Imagine a peaceful Sunday morning. You’re enjoying a quiet moment, coffee in hand, feeling relaxed after a demanding week. The sun is warm, birds are singing, and a gentle breeze flows through your window. Everything feels perfect.
Then, you spot a single termite on your windowsill.
Your first thought might be to dismiss it as an isolated insect. But a moment later, a chilling realization sets in: you never find just one termite. Your hope for a restful day vanishes, replaced by the urgent need to investigate the potential infestation lurking beneath the surface.
This scenario closely mirrors the discovery process at Huntress when we began analyzing data on Azure applications and their malicious use within partner environments. We decided to tear up the proverbial floorboards to see just how extensive the problem truly is.
Understanding OAuth Application Attacks
Since launching our Unwanted Access detection capability, the Huntress security team has successfully thwarted a massive number of identity-based attacks. This system was designed to target critical initial access vectors, including credential theft, token theft, adversary-in-the-middle (AitM) attacks, and suspicious location-based logins.
The data shows this capability has significantly disrupted threat actor operations, with our team now neutralizing between three and six thousand initial access attempts every single month.
However, in cybersecurity, resting on your achievements is not an option. Threat actors constantly adapt, evolving their methods to bypass existing defenses. This relentless pressure drives our continuous research into new ways to identify and dismantle their attack sequences.
Our current focus involves investigating Rogue Apps. Cloud applications are integral to the modern user experience, providing developers with powerful tools for building and scaling services. Unfortunately, the very features that make these apps so valuable for legitimate purposes also make them incredibly attractive to cybercriminals.

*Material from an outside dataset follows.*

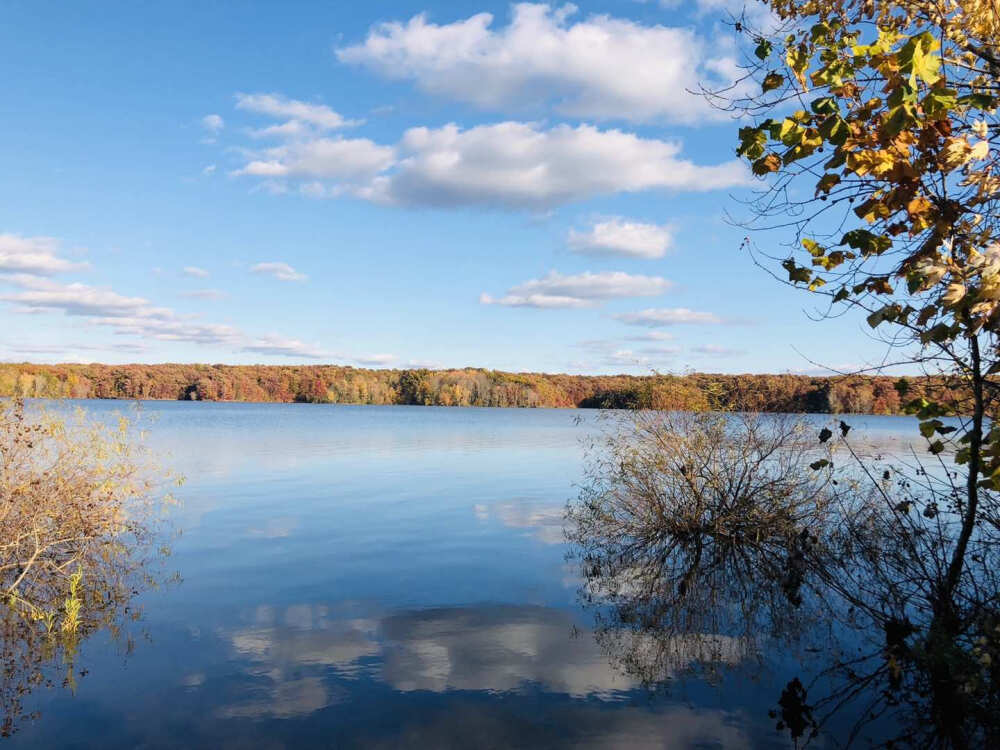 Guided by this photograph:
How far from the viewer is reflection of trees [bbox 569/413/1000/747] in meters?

This area appeared to be the next logical frontier for finding attacks that had slipped past our other security measures.
Our research team formulated several key questions. How do OAuth applications function within Azure? In what ways can they be weaponized during an attack? What makes them so potent for malicious actors? How can we most effectively track down these rogue applications? And finally, the most daunting question of all: just how many are already out there?
In our search for answers, we uncovered far more than we initially expected.
The Mechanics of OAuth Applications
Let’s dive into a primer on Azure applications. It’s important to acknowledge that this system is complex and can be counterintuitive.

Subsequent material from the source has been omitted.